• Exercise requirements
Pull out of the data below the stretch of lines bounded by the one containing "Klassieke ladekast van" and the one containing "Personalized Cherry Pattern", both bounds included, unchanged.

Brief descriptive captions
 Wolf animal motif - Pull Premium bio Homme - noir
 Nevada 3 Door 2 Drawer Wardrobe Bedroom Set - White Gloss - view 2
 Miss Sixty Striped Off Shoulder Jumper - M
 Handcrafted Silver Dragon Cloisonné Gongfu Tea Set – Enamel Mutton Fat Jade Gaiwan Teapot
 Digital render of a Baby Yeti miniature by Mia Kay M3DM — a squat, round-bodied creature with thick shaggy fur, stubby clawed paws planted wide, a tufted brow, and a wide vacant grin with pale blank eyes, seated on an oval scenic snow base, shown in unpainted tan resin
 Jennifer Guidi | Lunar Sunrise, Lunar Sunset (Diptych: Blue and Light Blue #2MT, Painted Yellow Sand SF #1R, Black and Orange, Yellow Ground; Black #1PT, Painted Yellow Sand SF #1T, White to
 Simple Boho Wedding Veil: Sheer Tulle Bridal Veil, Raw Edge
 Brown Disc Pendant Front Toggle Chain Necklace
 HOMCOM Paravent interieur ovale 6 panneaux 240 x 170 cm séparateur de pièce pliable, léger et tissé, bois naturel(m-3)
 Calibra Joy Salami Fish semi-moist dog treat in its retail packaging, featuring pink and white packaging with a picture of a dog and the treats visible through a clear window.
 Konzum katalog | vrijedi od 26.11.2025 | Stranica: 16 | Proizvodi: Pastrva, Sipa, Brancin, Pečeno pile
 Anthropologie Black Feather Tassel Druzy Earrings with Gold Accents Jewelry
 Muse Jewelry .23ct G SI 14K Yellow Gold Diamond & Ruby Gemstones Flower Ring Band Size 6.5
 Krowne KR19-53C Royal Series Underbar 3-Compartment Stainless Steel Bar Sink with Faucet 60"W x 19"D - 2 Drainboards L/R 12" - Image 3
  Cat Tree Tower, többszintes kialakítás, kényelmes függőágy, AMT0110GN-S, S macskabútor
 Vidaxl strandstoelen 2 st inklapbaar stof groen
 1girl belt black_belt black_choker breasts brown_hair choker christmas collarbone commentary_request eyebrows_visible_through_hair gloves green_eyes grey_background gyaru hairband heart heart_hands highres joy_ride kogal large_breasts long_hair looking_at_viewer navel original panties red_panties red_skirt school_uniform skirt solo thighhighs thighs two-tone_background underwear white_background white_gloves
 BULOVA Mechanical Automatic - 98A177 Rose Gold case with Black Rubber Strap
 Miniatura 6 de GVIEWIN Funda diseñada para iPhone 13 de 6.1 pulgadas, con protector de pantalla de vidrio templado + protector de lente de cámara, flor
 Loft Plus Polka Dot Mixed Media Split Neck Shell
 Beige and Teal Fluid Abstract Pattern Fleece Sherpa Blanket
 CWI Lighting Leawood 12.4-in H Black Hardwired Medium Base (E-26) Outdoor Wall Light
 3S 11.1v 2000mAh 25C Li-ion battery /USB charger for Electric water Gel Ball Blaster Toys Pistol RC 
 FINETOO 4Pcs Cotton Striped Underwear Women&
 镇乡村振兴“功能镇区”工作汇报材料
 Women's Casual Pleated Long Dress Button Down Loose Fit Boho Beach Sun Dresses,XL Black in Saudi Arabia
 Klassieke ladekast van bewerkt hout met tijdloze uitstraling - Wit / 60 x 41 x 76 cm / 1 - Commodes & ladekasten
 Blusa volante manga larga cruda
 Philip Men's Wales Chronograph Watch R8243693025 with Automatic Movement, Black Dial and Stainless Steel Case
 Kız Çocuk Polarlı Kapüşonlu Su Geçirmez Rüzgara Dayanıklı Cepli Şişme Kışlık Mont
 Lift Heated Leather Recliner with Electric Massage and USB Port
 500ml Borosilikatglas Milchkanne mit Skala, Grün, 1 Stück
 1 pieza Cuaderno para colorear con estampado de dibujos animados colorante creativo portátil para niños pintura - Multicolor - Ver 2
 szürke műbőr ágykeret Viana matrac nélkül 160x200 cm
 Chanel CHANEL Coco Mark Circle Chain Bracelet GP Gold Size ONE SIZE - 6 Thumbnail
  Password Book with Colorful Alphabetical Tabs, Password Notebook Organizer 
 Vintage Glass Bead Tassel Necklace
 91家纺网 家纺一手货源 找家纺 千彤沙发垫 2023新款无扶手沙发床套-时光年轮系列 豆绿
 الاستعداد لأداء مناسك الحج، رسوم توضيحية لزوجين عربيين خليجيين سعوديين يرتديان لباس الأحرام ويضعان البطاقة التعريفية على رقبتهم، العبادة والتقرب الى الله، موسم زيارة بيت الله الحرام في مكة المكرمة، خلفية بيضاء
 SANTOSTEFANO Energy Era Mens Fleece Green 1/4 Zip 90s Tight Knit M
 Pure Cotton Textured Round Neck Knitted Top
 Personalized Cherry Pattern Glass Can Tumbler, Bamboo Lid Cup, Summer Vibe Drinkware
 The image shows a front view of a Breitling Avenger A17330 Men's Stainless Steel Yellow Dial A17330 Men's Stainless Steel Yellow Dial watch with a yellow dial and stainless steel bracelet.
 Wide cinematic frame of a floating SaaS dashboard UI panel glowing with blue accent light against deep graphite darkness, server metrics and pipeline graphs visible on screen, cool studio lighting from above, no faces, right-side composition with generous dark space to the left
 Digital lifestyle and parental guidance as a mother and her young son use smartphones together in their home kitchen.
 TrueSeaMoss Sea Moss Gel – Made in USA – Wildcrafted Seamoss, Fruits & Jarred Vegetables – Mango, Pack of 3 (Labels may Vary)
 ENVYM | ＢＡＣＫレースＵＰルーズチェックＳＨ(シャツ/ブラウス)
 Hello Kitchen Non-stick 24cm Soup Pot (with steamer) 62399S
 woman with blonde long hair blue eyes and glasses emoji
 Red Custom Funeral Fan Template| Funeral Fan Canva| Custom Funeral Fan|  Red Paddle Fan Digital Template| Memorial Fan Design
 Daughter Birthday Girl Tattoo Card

• Expected answer
 Klassieke ladekast van bewerkt hout met tijdloze uitstraling - Wit / 60 x 41 x 76 cm / 1 - Commodes & ladekasten
 Blusa volante manga larga cruda
 Philip Men's Wales Chronograph Watch R8243693025 with Automatic Movement, Black Dial and Stainless Steel Case
 Kız Çocuk Polarlı Kapüşonlu Su Geçirmez Rüzgara Dayanıklı Cepli Şişme Kışlık Mont
 Lift Heated Leather Recliner with Electric Massage and USB Port
 500ml Borosilikatglas Milchkanne mit Skala, Grün, 1 Stück
 1 pieza Cuaderno para colorear con estampado de dibujos animados colorante creativo portátil para niños pintura - Multicolor - Ver 2
 szürke műbőr ágykeret Viana matrac nélkül 160x200 cm
 Chanel CHANEL Coco Mark Circle Chain Bracelet GP Gold Size ONE SIZE - 6 Thumbnail
  Password Book with Colorful Alphabetical Tabs, Password Notebook Organizer 
 Vintage Glass Bead Tassel Necklace
 91家纺网 家纺一手货源 找家纺 千彤沙发垫 2023新款无扶手沙发床套-时光年轮系列 豆绿
 الاستعداد لأداء مناسك الحج، رسوم توضيحية لزوجين عربيين خليجيين سعوديين يرتديان لباس الأحرام ويضعان البطاقة التعريفية على رقبتهم، العبادة والتقرب الى الله، موسم زيارة بيت الله الحرام في مكة المكرمة، خلفية بيضاء
 SANTOSTEFANO Energy Era Mens Fleece Green 1/4 Zip 90s Tight Knit M
 Pure Cotton Textured Round Neck Knitted Top
 Personalized Cherry Pattern Glass Can Tumbler, Bamboo Lid Cup, Summer Vibe Drinkware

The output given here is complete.